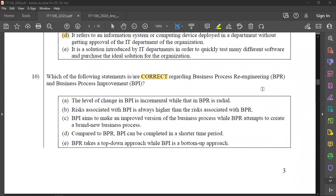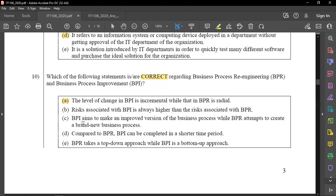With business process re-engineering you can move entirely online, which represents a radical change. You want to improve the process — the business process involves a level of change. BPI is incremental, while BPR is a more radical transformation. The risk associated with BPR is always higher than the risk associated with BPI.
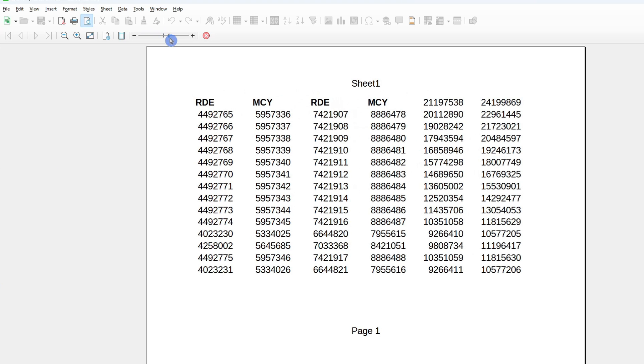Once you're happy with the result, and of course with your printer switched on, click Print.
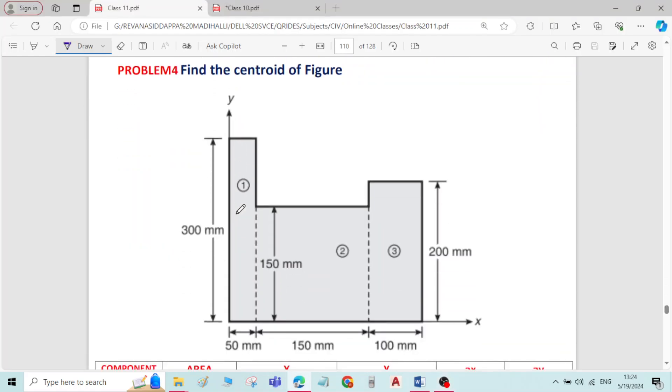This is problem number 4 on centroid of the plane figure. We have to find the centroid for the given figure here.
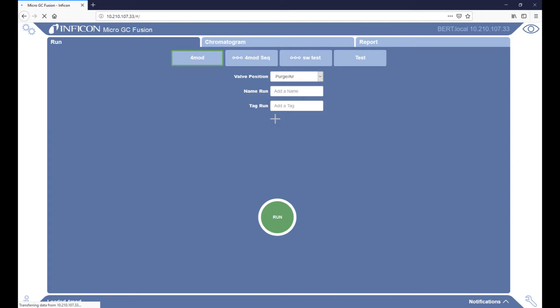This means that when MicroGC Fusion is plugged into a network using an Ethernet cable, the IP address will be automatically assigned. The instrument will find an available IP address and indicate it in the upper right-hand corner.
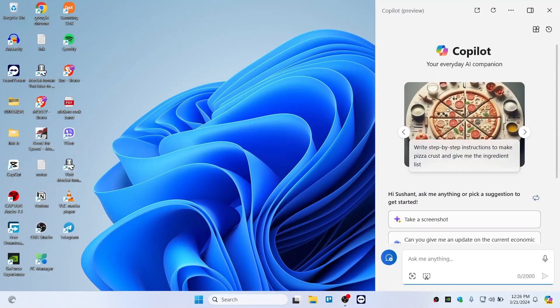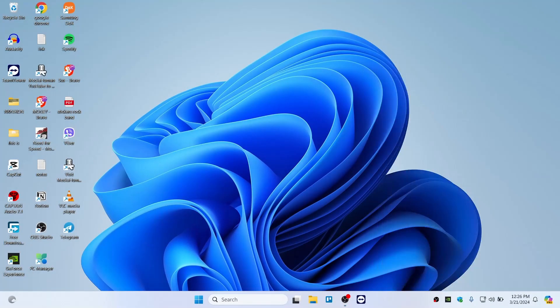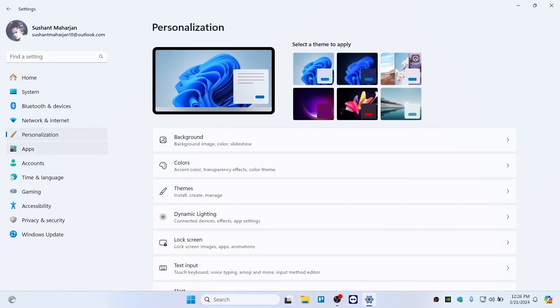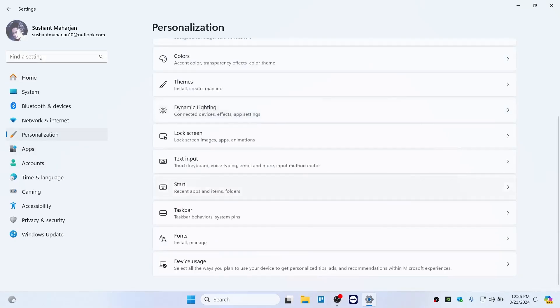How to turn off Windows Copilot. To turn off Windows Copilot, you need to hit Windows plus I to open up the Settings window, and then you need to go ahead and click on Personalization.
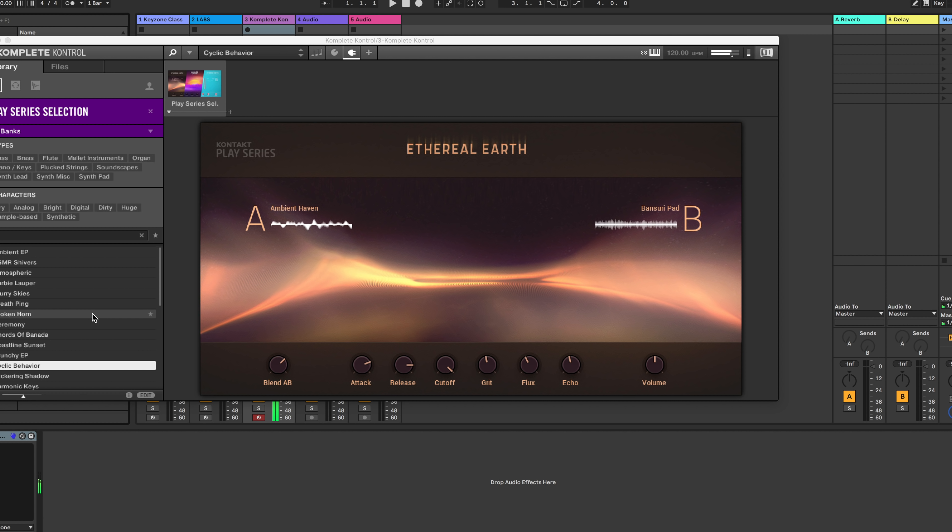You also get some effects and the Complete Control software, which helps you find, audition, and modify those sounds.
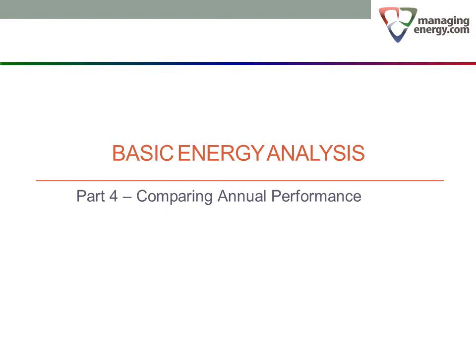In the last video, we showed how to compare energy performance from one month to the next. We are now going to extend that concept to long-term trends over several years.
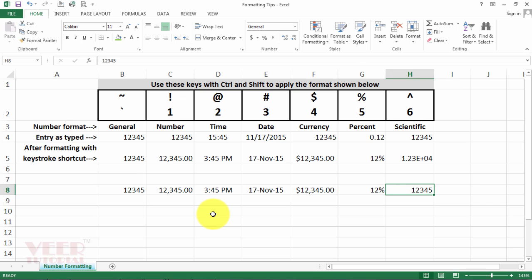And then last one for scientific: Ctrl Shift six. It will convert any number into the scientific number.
::::
◆ TASK: Starting with the line containing "This means that" and ending with the last line of the records above, write out each line exactly; no pictures.

◆ ANSWER TO THE EXERCISE:
This means that when MicroGC Fusion is plugged into a network using an Ethernet cable, the IP address will be automatically assigned. The instrument will find an available IP address and indicate it in the upper right-hand corner.
How to turn off Windows Copilot. To turn off Windows Copilot, you need to hit Windows plus I to open up the Settings window, and then you need to go ahead and click on Personalization.
You also get some effects and the Complete Control software, which helps you find, audition, and modify those sounds.
In the last video, we showed how to compare energy performance from one month to the next. We are now going to extend that concept to long-term trends over several years.
And then last one for scientific: Ctrl Shift six. It will convert any number into the scientific number.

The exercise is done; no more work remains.